Vos lo sabías, pensé. Que me alimentaba de vos en ese preciso momento, mientras terminabas de secar las gotas de la mesada con la franela. El sartén yacía magro y derrotado en el escurridor. Quizá pensabas que podías salir intacta de aquel lugar, que el camino que te habías abierto abismo adentro iba a permanecer ahí para que volvieras por él. Pero no sabías de mi hambre, y yo tenía demasiada.

No sé qué vino primero, si los truenos o las rachas de viento salitroso. Los postigos de madera reventaron dos veces aleteando al otro lado de la pared y elegiste ignorarlos. Un último golpe sordo contra el muro te sobresaltó, como una alerta final de peligro. Atinaste a darte vuelta y frenaste a medio camino cuando sentiste mi presencia. Yo ya estaba parado atrás tuyo, muy cerca. Una ráfaga de aire tibio con olor a malta y casco de roble resbaló por tu clavícula barranca abajo, erizándolo todo a su paso como una horda invasora. Pude comprobar que el amarillo seguía resistiendo, ahora también al contraste con el tono más oscuro de tu pezón que se insinuaba alerta bajo la tela húmeda. Luego, mi mano sobre tu vientre plano como una lengua paladeando un bocado blando. Bajó despacio hasta tocar el borde del bikini mojado. Vos te debatías en un estado entre la parálisis y un leve temblor de piernas. Tenías miedo. Atinaste a decir “no” y te acallé deslizándome, abajo, adentro. Ya no había contraste, sólo mis dedos, navegando.

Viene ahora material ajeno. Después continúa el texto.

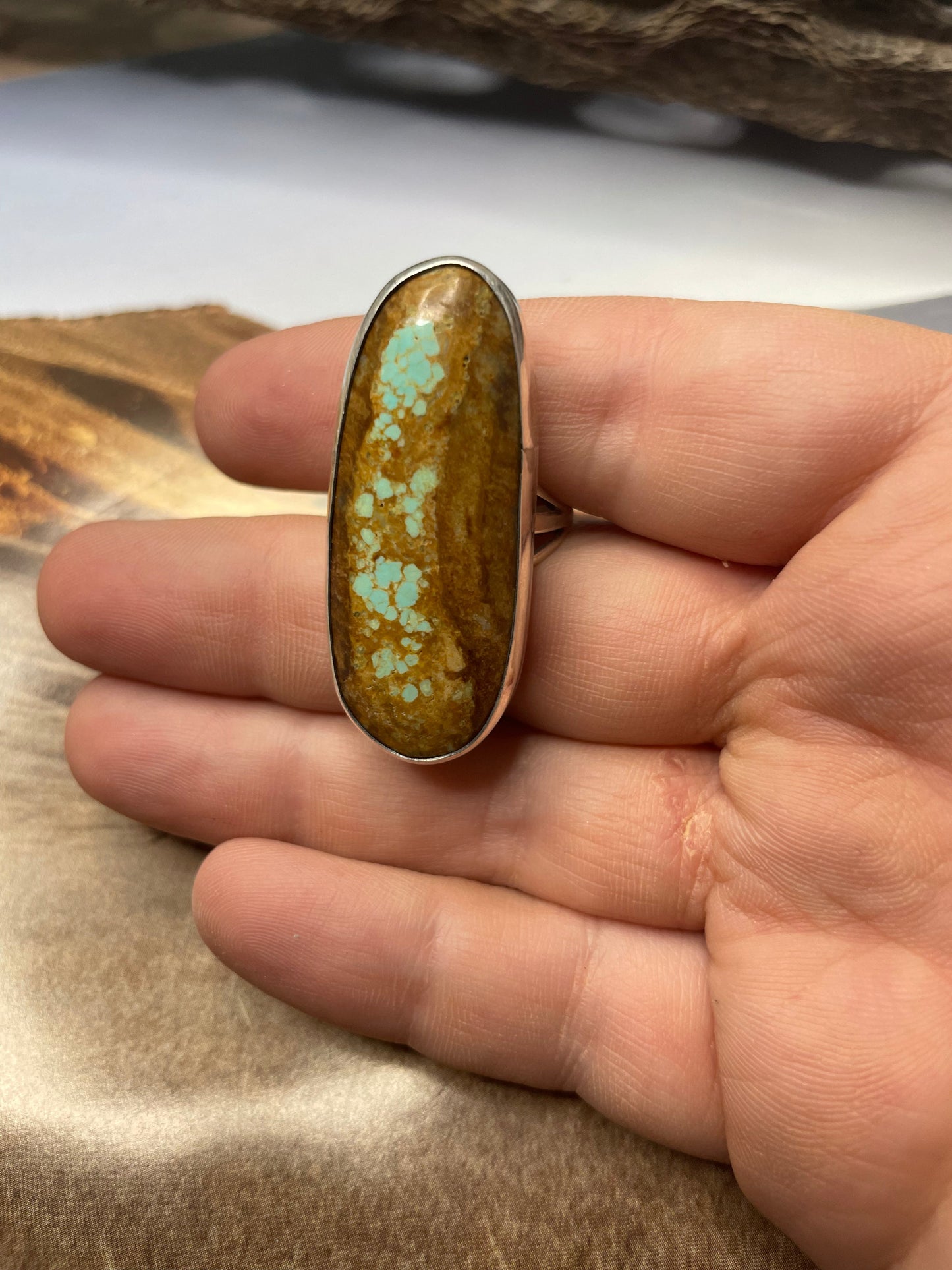 Navajo Sterling Silver & Turquoise Ring Size 9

Unos días antes me habías dicho que más que las mujeres lo que a mí me gustaba era que las mujeres gustaran de mí, y tenías algo de razón, aunque no toda. No recuerdo bien cuál fue el escenario de tu gran frase, sólo sé que yo tenía una guitarra con la que me sentía invencible y tu cara de jactancia y victoria cuando me largaste la estocada. Como siempre, parecías sobria aunque estabas igual o más borracha que yo, que ya arrastraba ligeramente las letras. Cuando me recuperé del golpe al otro día, mi consuelo era que tu aseveración en el fondo demostraba tu ingenuidad. Nunca la hubieras dicho si supieras cuánto y con qué violencia me gustaban vos y tu poder, que se aparentaban inmunes. Por eso fue tan indispensable tomarte por asalto aquella tarde contra la pileta. Tan necesario empujar y empujar, sin concesiones, cada vez más adentro, ante tu cara de impotencia. Medirme, medirnos, y dejarte bien claro que nadie ni nada te iba a salvar. Tanto placer... tanto dolor. Gritaste al acabar, yo te miré fijo y serio los ocho segundos. Cerraste los ojos y acto seguido me empezaste a mirar con una cara mezcla de espanto y de súplica. Por fin habías entendido. Nadie, nunca, nos iba a salvar.